The next morning my leg was twice its normal size and discolored. There was no x-ray equipment in Commerce, so Dad borrowed the money, and got me to a specialist in Picher, Oklahoma. On the way I could see him sort of whispering to himself. He was praying.

The doctor diagnosed my trouble as osteomyelitis, a bad bone disease.

Dad borrowed up to his neck and hustled me to a clinic in Oklahoma City. There was even talk the leg would have to be amputated. When I thought it would make me give up baseball I almost went crazy. More for Dad’s sake than mine. But Mama, Dad and Grandpa all hung on. They made me hang on.

Know what saved that leg?

Prayer and penicillin.

Despite his battle with cancer, Mantle’s father supported and encouraged him throughout his career.
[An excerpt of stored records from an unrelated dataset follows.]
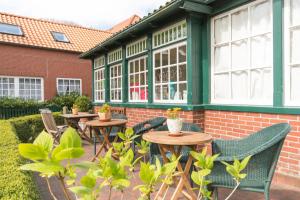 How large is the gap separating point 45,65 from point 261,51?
1318cm

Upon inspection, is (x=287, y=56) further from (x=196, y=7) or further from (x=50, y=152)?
(x=50, y=152)

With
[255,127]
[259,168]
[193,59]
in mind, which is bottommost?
[259,168]

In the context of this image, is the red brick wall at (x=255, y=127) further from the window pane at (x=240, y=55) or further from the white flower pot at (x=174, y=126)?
the white flower pot at (x=174, y=126)

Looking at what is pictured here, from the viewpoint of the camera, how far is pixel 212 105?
477cm

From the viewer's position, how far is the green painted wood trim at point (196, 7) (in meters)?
4.51

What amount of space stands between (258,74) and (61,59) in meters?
13.2

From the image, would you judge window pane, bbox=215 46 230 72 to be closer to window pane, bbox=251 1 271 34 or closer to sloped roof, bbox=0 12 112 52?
window pane, bbox=251 1 271 34

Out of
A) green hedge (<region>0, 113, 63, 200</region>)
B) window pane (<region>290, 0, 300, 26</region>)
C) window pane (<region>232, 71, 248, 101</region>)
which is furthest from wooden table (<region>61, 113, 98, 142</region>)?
window pane (<region>290, 0, 300, 26</region>)

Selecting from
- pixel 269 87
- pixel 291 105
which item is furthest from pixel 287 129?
pixel 269 87

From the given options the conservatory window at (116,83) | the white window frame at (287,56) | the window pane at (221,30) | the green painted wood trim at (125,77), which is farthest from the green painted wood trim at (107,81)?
the white window frame at (287,56)

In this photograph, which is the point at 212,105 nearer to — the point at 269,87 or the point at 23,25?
the point at 269,87

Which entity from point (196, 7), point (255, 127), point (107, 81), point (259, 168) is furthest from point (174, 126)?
point (107, 81)

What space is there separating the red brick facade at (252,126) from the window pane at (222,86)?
33 centimetres

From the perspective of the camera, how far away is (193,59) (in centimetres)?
484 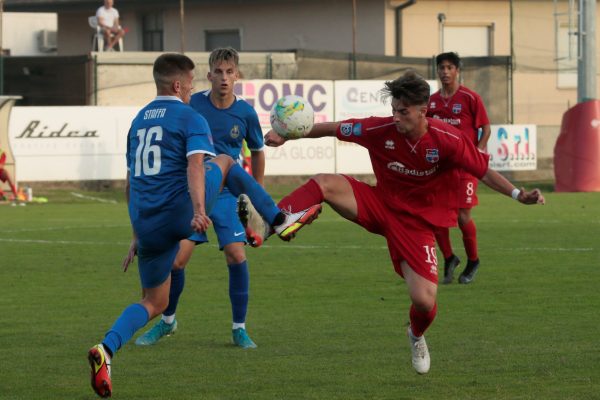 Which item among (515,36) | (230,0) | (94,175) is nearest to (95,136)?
(94,175)

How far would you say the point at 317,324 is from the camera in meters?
10.6

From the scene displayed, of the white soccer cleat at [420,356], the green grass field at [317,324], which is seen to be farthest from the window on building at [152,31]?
the white soccer cleat at [420,356]

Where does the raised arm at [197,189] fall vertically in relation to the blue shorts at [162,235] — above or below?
above

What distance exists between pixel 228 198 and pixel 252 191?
1.69 m

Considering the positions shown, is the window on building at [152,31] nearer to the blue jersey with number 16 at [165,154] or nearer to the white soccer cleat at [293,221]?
the white soccer cleat at [293,221]

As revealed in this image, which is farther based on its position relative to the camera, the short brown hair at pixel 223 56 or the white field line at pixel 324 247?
the white field line at pixel 324 247

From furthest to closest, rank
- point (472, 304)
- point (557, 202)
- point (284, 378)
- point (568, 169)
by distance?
point (568, 169) < point (557, 202) < point (472, 304) < point (284, 378)

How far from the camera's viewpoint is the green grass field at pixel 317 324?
26.4 feet

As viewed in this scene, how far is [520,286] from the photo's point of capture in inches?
512

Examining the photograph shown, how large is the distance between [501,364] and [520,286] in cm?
444

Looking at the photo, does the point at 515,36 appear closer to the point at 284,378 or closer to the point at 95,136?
the point at 95,136

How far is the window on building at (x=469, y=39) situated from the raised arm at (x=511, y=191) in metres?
31.9

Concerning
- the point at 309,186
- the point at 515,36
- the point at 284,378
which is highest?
the point at 515,36

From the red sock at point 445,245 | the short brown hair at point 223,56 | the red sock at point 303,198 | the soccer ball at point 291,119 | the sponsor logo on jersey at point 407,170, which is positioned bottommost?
the red sock at point 445,245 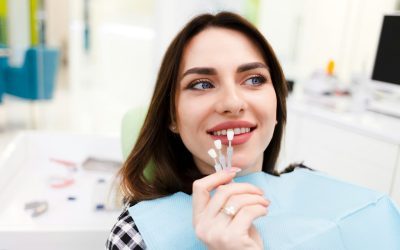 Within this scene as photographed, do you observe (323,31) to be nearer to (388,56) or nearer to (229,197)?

“Seeing me start in the World Series was probably the proudest moment of Dad’s life. In the second game I fell chasing a fly, ripped the ligaments in my right knee, and had to sit out the Series in a hospital bed. But it was all right. Dad was with me. He left a sick bed to see the Series,” he said.

“I guess I really woke up after Dad died. I mean I really got his message. Not because I had the responsibility and became the head of the family, looking after my mother and brothers and sister, and my wife. I guess I woke up to what he meant to teach me all the time,” he added.